What this task involves:
Could you restate all of the records exactly, leaving out the pictures?

[Data extracted from a collection]
■ ■ ■ ■

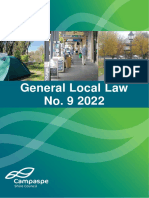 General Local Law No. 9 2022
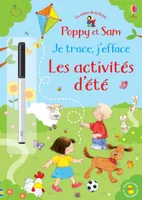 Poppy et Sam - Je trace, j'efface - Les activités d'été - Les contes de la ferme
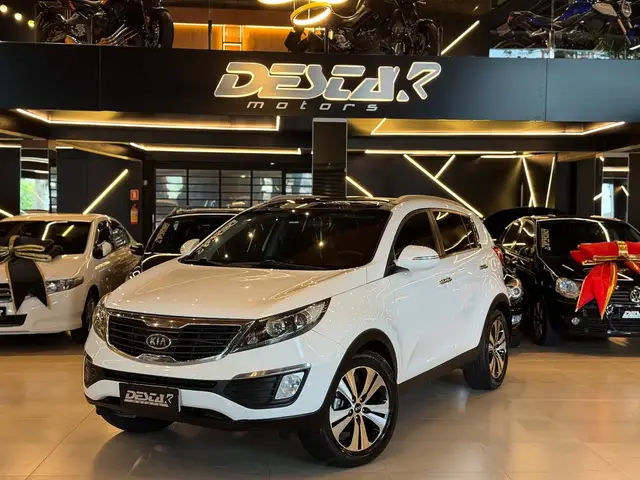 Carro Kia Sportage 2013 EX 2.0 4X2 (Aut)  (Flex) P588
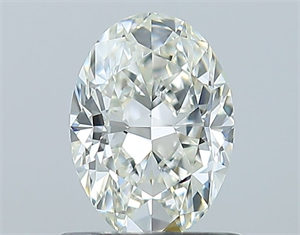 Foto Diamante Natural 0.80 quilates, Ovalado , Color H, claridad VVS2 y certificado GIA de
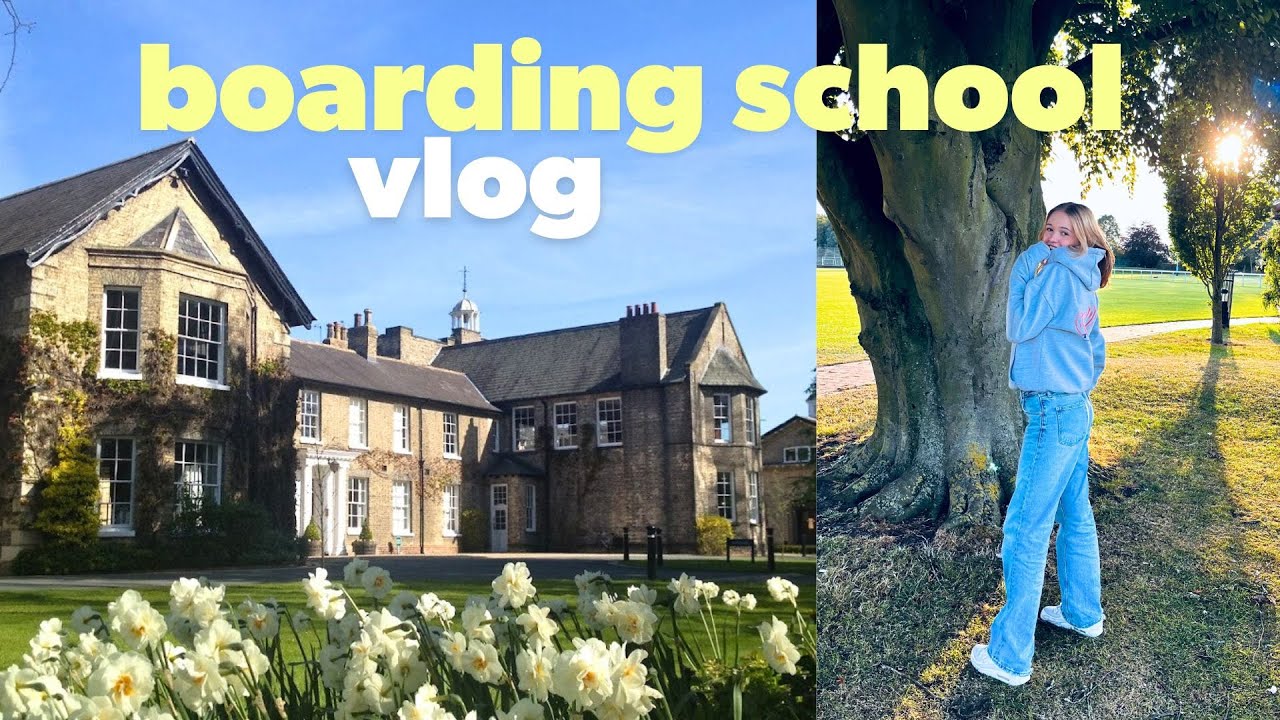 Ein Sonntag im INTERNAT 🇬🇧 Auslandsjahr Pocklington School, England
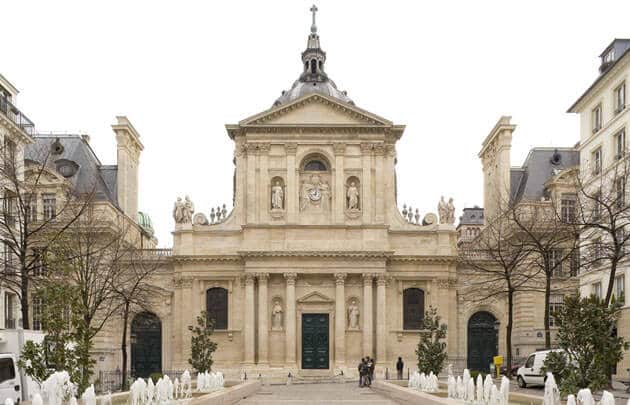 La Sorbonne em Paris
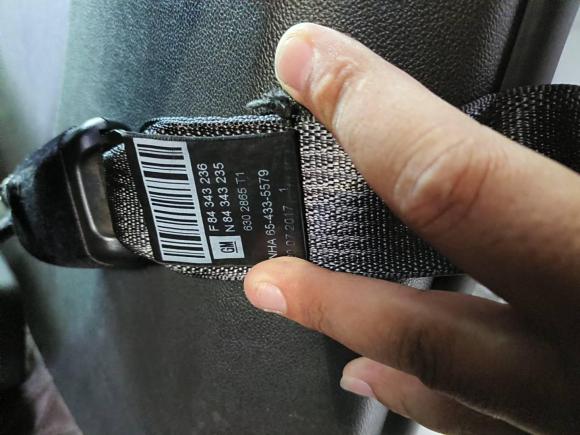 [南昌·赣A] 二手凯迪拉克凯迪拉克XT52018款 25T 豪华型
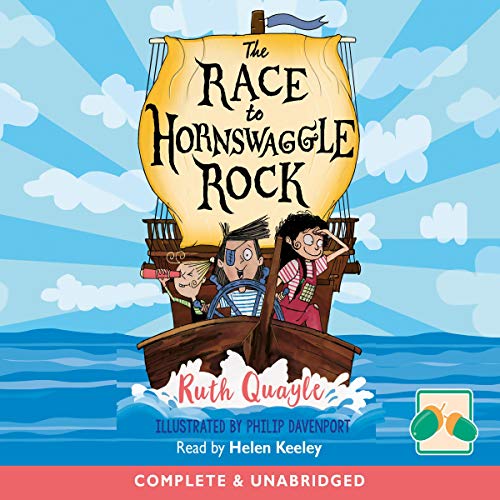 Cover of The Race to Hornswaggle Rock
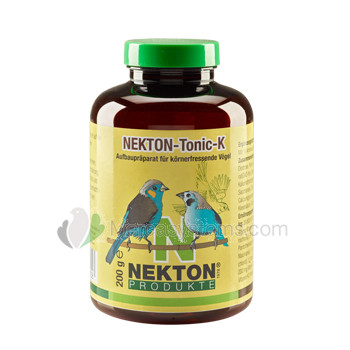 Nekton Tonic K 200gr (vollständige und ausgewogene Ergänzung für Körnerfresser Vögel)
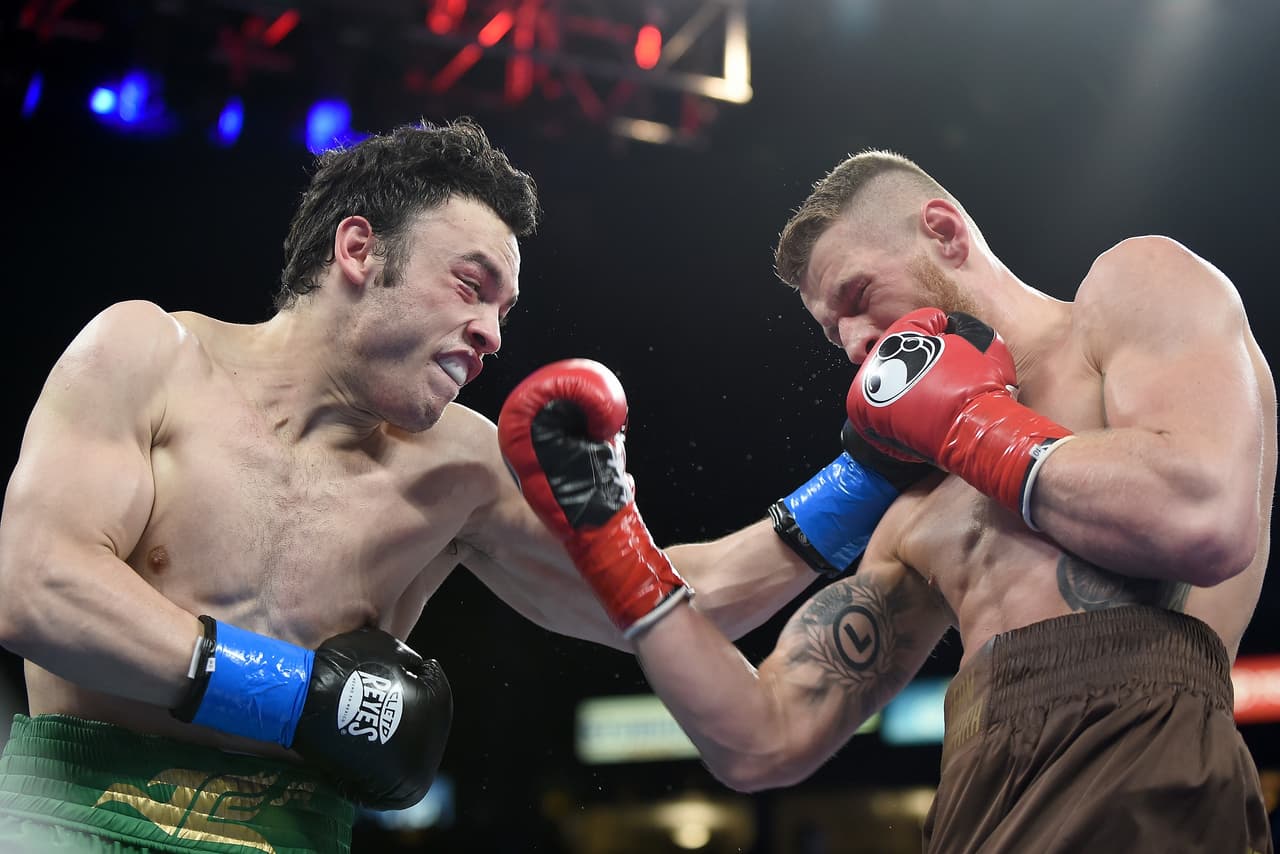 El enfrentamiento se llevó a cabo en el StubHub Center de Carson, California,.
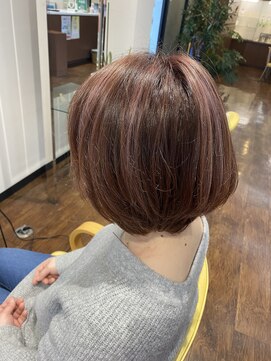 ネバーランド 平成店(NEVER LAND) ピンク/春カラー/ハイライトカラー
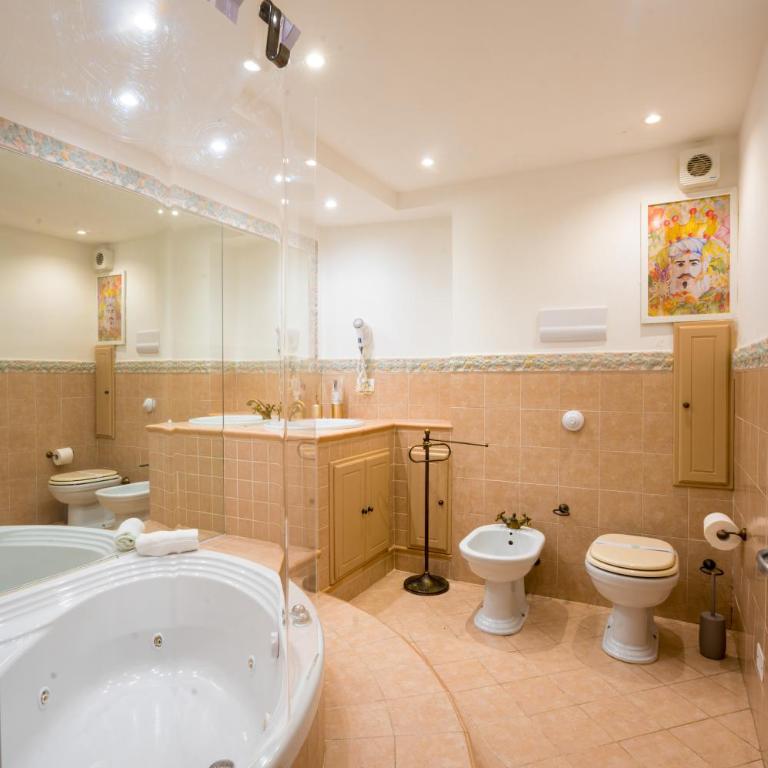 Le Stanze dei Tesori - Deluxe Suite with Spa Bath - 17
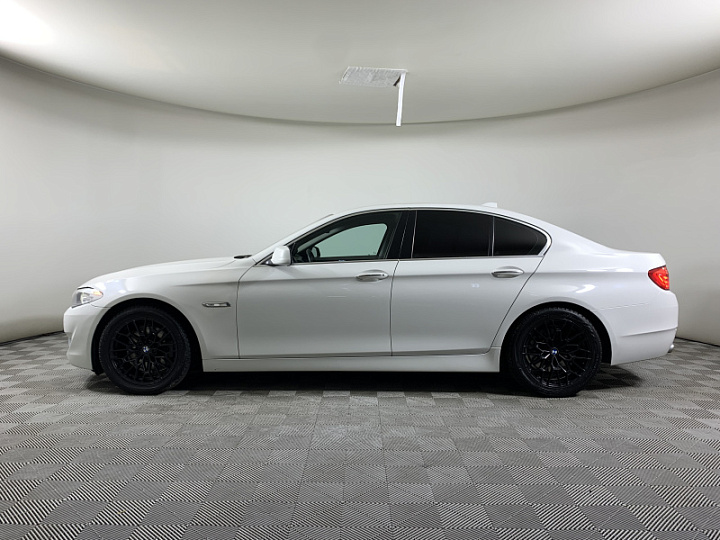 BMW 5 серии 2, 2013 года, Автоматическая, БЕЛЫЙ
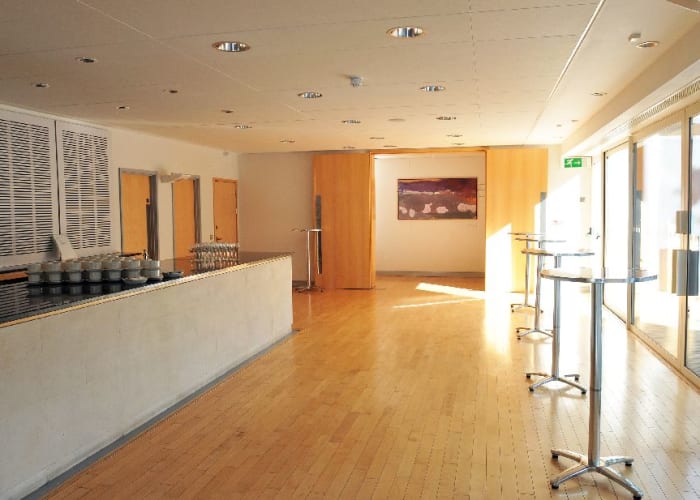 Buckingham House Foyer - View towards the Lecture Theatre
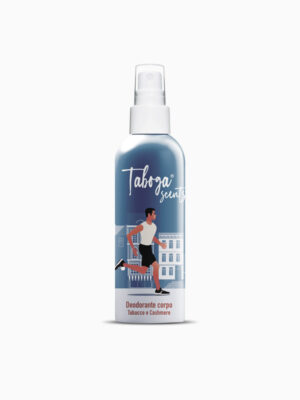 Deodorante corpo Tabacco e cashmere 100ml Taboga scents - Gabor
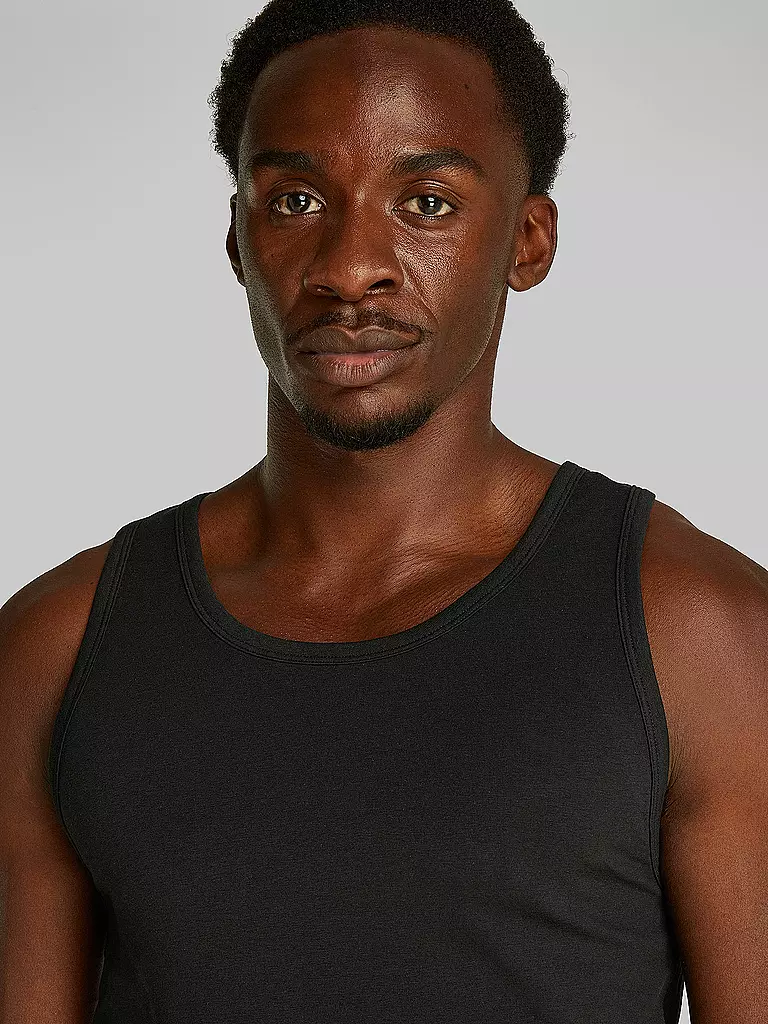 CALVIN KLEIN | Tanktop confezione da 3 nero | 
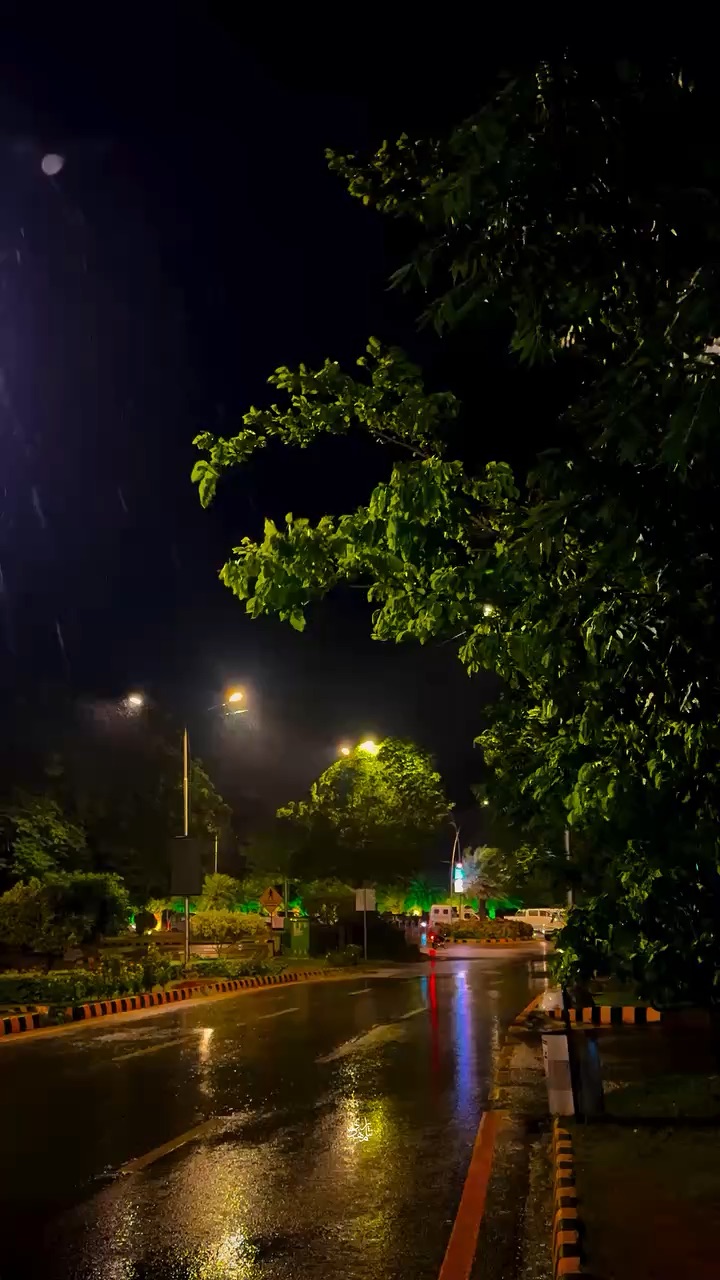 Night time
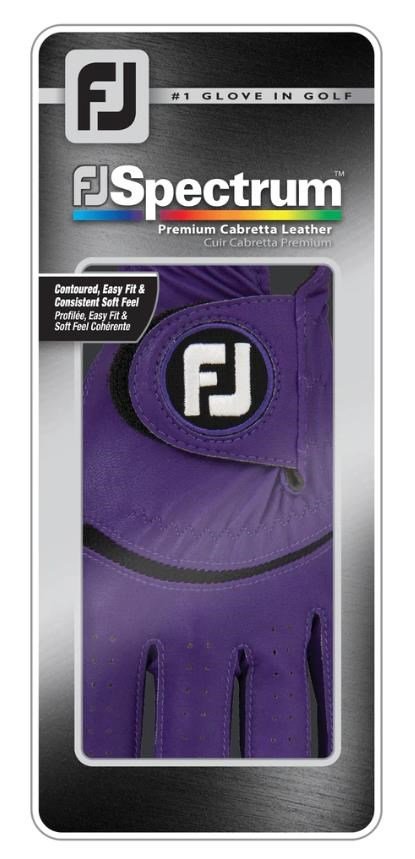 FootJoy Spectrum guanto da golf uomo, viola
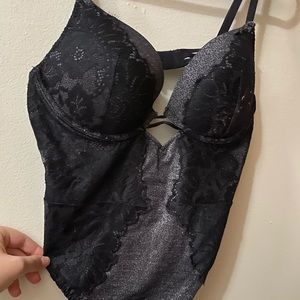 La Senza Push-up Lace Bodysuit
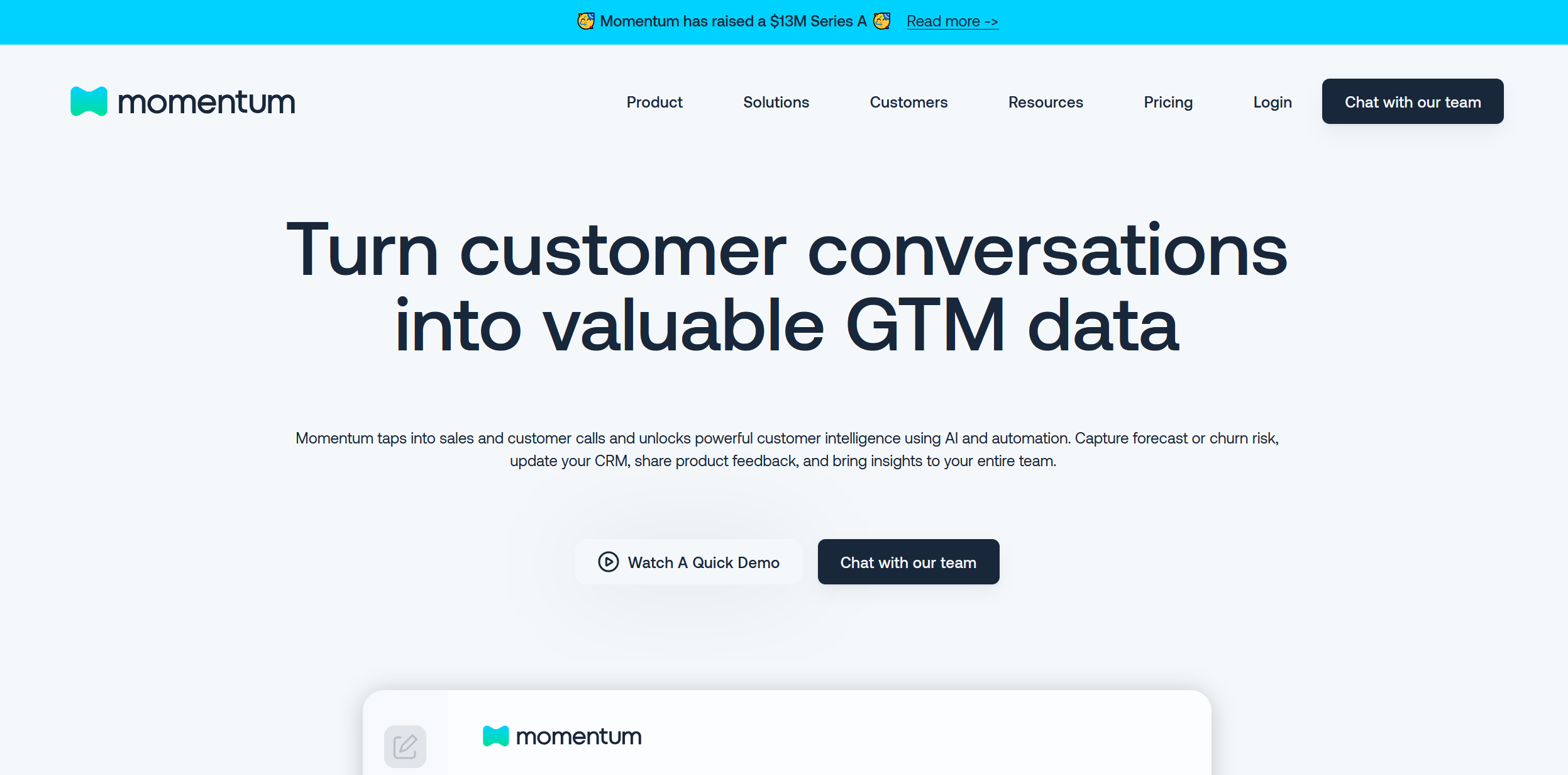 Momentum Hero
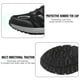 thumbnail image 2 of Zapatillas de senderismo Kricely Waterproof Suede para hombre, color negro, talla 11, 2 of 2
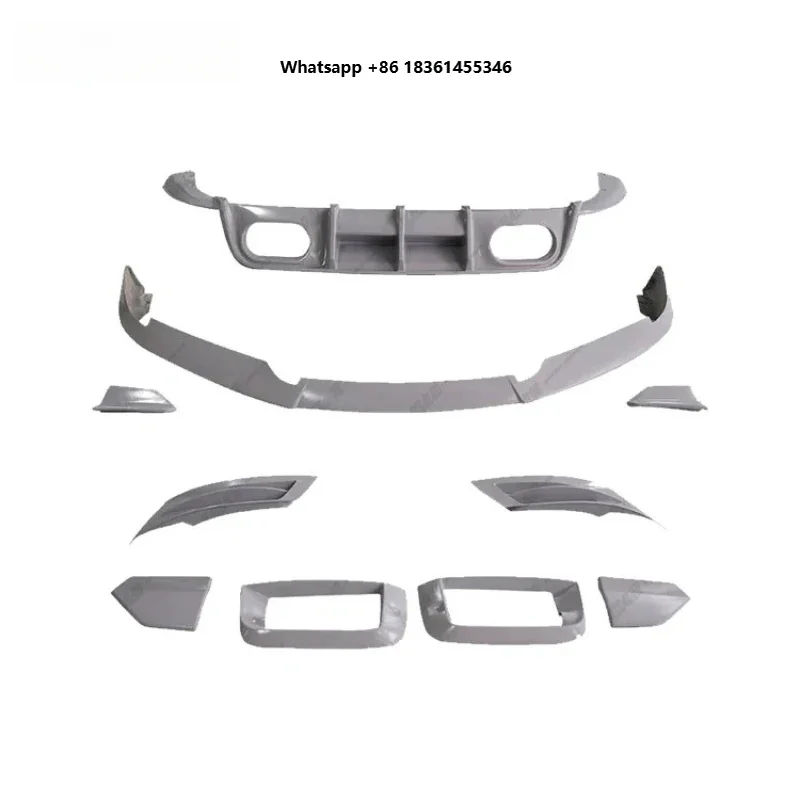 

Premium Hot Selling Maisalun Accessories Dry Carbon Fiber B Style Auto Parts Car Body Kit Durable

■ ■ ■ ■

Solution for this task:
 General Local Law No. 9 2022
 Poppy et Sam - Je trace, j'efface - Les activités d'été - Les contes de la ferme
 Carro Kia Sportage 2013 EX 2.0 4X2 (Aut)  (Flex) P588
 Foto Diamante Natural 0.80 quilates, Ovalado , Color H, claridad VVS2 y certificado GIA de
 Ein Sonntag im INTERNAT 🇬🇧 Auslandsjahr Pocklington School, England
 La Sorbonne em Paris
 [南昌·赣A] 二手凯迪拉克凯迪拉克XT52018款 25T 豪华型
 Cover of The Race to Hornswaggle Rock
 Nekton Tonic K 200gr (vollständige und ausgewogene Ergänzung für Körnerfresser Vögel)
 El enfrentamiento se llevó a cabo en el StubHub Center de Carson, California,.
 ネバーランド 平成店(NEVER LAND) ピンク/春カラー/ハイライトカラー
 Le Stanze dei Tesori - Deluxe Suite with Spa Bath - 17
 BMW 5 серии 2, 2013 года, Автоматическая, БЕЛЫЙ
 Buckingham House Foyer - View towards the Lecture Theatre
 Deodorante corpo Tabacco e cashmere 100ml Taboga scents - Gabor
 CALVIN KLEIN | Tanktop confezione da 3 nero | 
 Night time
 FootJoy Spectrum guanto da golf uomo, viola
 La Senza Push-up Lace Bodysuit
 Momentum Hero
 thumbnail image 2 of Zapatillas de senderismo Kricely Waterproof Suede para hombre, color negro, talla 11, 2 of 2

Premium Hot Selling Maisalun Accessories Dry Carbon Fiber B Style Auto Parts Car Body Kit Durable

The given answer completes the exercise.